Pont amenant vers une lumière saisissante

Vers la lumière – Réécriture

Quelle est cette étrange lumière ? Elle est si vive. Si intense. Si chaleureuse… et semble m’appeler affectueusement à elle.

Mais comment suis-je arrivé ici ? Il ne me reste aucun souvenir. Aucun souvenir de ma vie. De mon passé…

Mon corps est léger, tout comme mon cœur engourdi par un fabuleux sentiment d’immense bien-être et de paix. D’infimes étincelles, telles des milliers de lucioles, tournent autour de moi. Une brise délicieuse m’enveloppe et m’apaise, emportant avec elle au loin toutes mes interrogations, toute mon inquiétude.

Bien ancré dans l’instant présent, je savoure ces divines sensations : la chaleur de la lumière qui m’effleure la peau ; le léger vent qui joue dans mes cheveux ; le bruit du bois qui travaille et le sol frais et rugueux qui craque sous mes pieds nus…

– Reprends tes esprits, bon sang ! Te laisse pas aller ! me soufflais-je.

Je prends alors une profonde inspiration dans l’espoir de retrouver mon calme. Mais ce sont mes souvenirs qui assaillirent ma tête, accompagnés d’un terrible vertige.

John… je m’appelle John Maric… j’habite la banlieue de Lyon… et comme chaque soir, je me promenais Rusty, mon vieux berger allemand. L’air était étouffant, il faisait encore extrêmement chaud pour un mois de septembre… J’arrivais devant chez la belle Jess quand soudain, je ne sais pour quelle raison, cet idiot de chien a tiré sur sa laisse en aboyant comme un fou. Je me suis retourné et…
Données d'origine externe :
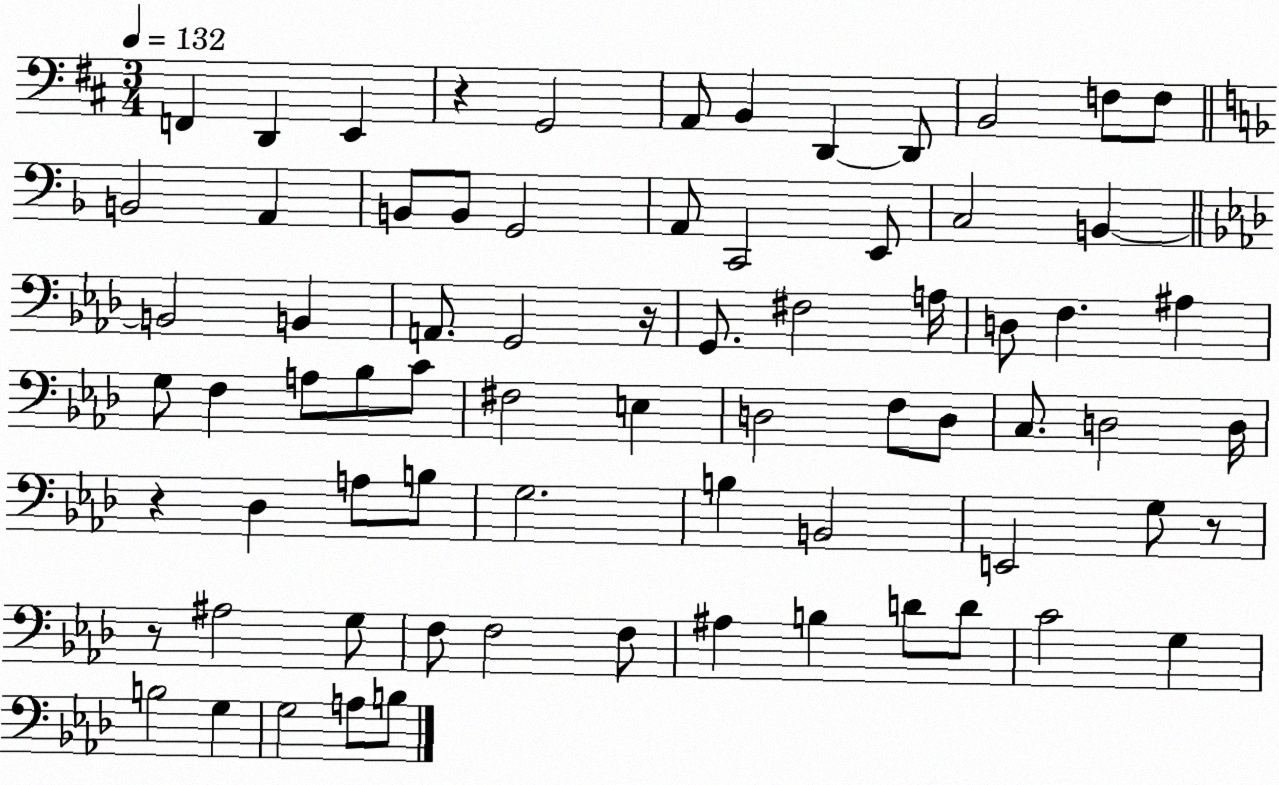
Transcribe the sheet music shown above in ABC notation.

X:1
T:Untitled
M:3/4
L:1/4
K:D
F,, D,, E,, z G,,2 A,,/2 B,, D,, D,,/2 B,,2 F,/2 F,/2 B,,2 A,, B,,/2 B,,/2 G,,2 A,,/2 C,,2 E,,/2 C,2 B,, B,,2 B,, A,,/2 G,,2 z/4 G,,/2 ^F,2 A,/4 D,/2 F, ^A, G,/2 F, A,/2 _B,/2 C/2 ^F,2 E, D,2 F,/2 D,/2 C,/2 D,2 D,/4 z _D, A,/2 B,/2 G,2 B, B,,2 E,,2 G,/2 z/2 z/2 ^A,2 G,/2 F,/2 F,2 F,/2 ^A, B, D/2 D/2 C2 G, B,2 G, G,2 A,/2 B,/2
– Je suis mort ? Non… c’est impossible. Je… je…

Les jambes flageolantes, je me laisse lourdement tomber sur le sol. Les yeux rivés sur cette lumière étrange… cette étrange lumière face à moi qui s’éloigne peu à peu en vacillant avant de me laisser seul dans le noir.

Pourquoi ? Qu’ai-je fait de mal ? Une angoisse effroyable me saisit secouant mon corps d’un brusque frisson. Un frisson, vraiment ? Non… Quelqu’un me secoue !

– Eh mec ça va ? T’es encore avec nous ?

Je ne suis plus seul ? Mais qui est là ? Ouvrir les yeux est un vrai supplice exigeant un effort surhumain. Mon misérable corps me fait souffrir. Le sentiment de bien-être m’a quitté laissant place à un grand vide. Un immense vide et un liquide chaud et nauséabond inondant mon visage.

Je suis allongé sur le bitume, Rusty contre moi. Sa langue rugueuse sur ma joue.

– Que s’est-il passé ? réussis-je à peine à articuler.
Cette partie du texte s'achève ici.